That is the only suggestion that I venture to make, with reference to the Question that has been brought before your Lordships by the noble Lord, Lord Morris, towards providing o satisfactory machinery to deal with this exceedingly difficult question. The noble and learned Lord has told us how complicated it is. For that very reason it scents to me that it can be more properly and efficiently dealt with by a number of persons than by a single individual, that single individual being the Lord Chamberlain or the Censor. Is he one and the same person? I really do not know, but I presume so. When a play is introduced in London in one of these numerous theatres it bears the sanction of the powers that be, the very high power of the Court. If that power allows a play to be produced, the public naturally suppose that there is nothing to be found fault with in it. That is the only practical suggestion that I venture to make, and I hope that I have made it clearly.

THE LORD CHAMBERLAIN (THE EARL OF CROMER)

My Lords, I welcome the opportunity given me by the noble Lord, Lord Morris, to dispose, as I think I am able, of certain misapprehensions as to the whole position of the Lord Chamberlain and the censorship. In the temporary absence from the House of the noble Lord who asked this Question, perhaps your Lordships will allow me to deal with one or two of the points raised by the noble Lord, Lord Braye, who rightly said that this question of the theatre has been one of controversy for all time and who suggested as a remedy that the censorship should be in the hands of a jury. There are various ways of approaching this question of the machinery of the censorship and I do not propose to take up your Lordships' time in considering that particular aspect of the matter, but I should like to point out to the noble Lord that the establishment of a jury presents a good many difficulties. How many members is it to have, who is to elect them, and further, from the point of view of business, how are you to avoid the real difficulty of delay? The procedure is that one copy of a play is sent in and the statutory notice allows seven days for the Lord Chamberlain to come to a decision. If the whole of the jury were to be asked to read a play I venture to think that it would very much delay theatrical business. That is only one objection to this particular form of censorship. The noble Lord also asked whether the Lord Chamberlain and the Censor of Plays were one and the same person. The censorship of plays is vested in the hands of the Lord Chamberlain, and he is entirely responsible.

I will now turn to the various points put to me by Lord Morris. He asked me if my attention had been called to the production of certain plays in London, which have been described in the Press by dramatic critics and others as "immoral," "degrading" and "demoralising." I should like to thank the noble Lord for not mentioning individually any particular play, because, as the right rev. Prelate said, that would advertise a play and would certainly continue its run. But are all these comments which the noble Lord has read out, true? The noble Lord, in the remarks which he made to your Lordships, did not mention that he himself had witnessed any of these particular plays. I confess he would have carried more weight in my mind if, instead of quoting at random from these articles, he had given me his own opinion and had been able to point to some particular portion of a play to which he himself objected. It is the business of the dramatic critic to criticise, and therefore I am not surprised that there should be a great variety of criticisms, but I should very much like to take advantage of the opportunity which is offered me of perusing some of this volume of criticism of which the noble Lord has spoken. As regards my Department, it is kept informed of Press criticisms. As to the question of dramatic critics and others; "others," I think, may be anybody who has anything to say or think about a play. Therefore that term covers a very wide field.

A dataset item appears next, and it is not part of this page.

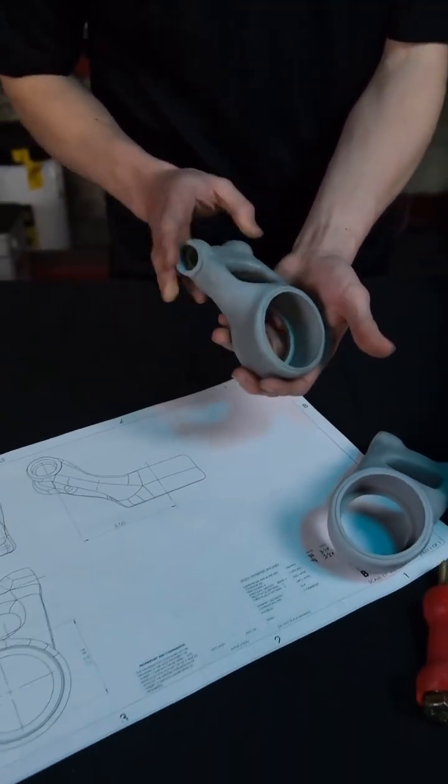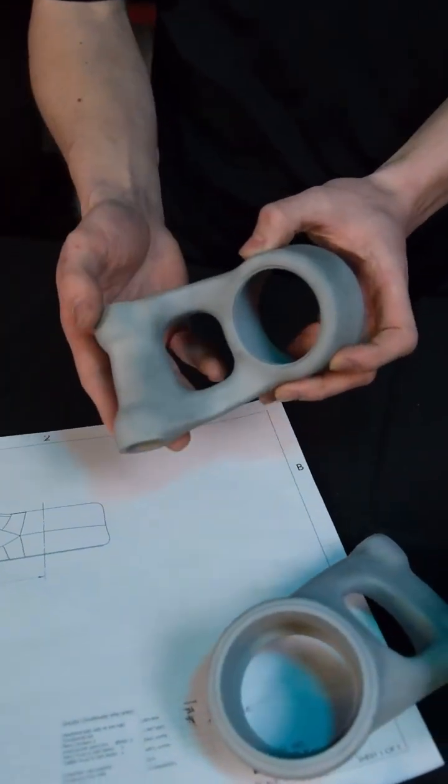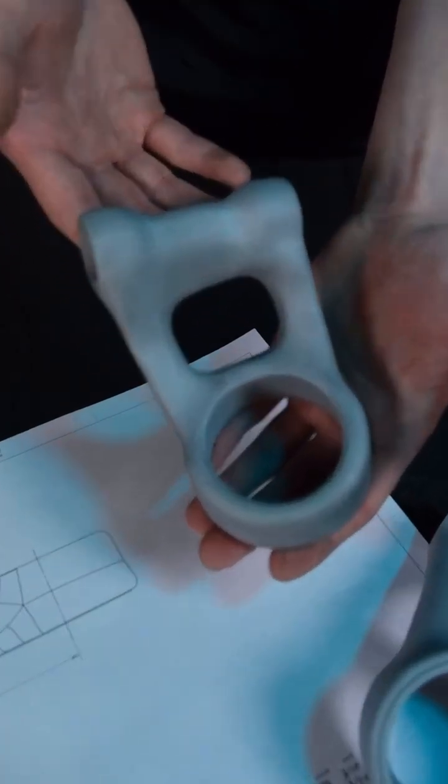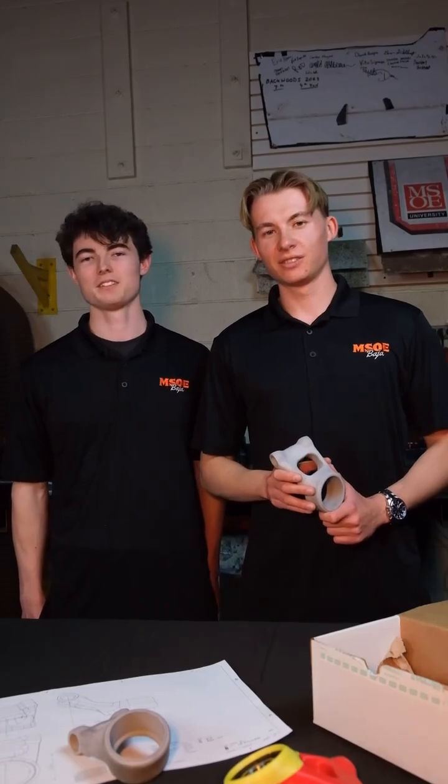The benefits of DMLS 3D printing for our design is that it allows us to create a much more complex geometry that wouldn't be able to be manufactured via any other method. Thank you again to Evology for sponsoring us this year, and we look forward to working with Evology in the future.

I pass now to the second point raised by the noble Lord, which is whether I will make inquiries into this matter and take appropriate action to suppress what is deemed indecent and objectionable. I should be failing in my duty if I did not at once take steps to suppress what is indecent, and I venture to challenge the allegation that at the present moment there is on the British stage anything which is indecent. As to "objectionable," the word "objectionable" is one that is interpreted by different people in different ways, and there again, if the noble Lord would indicate to me, not across the floor of this House, but privately, so as not to mention a play, the point where he finds objection, I will do anything I can to meet him.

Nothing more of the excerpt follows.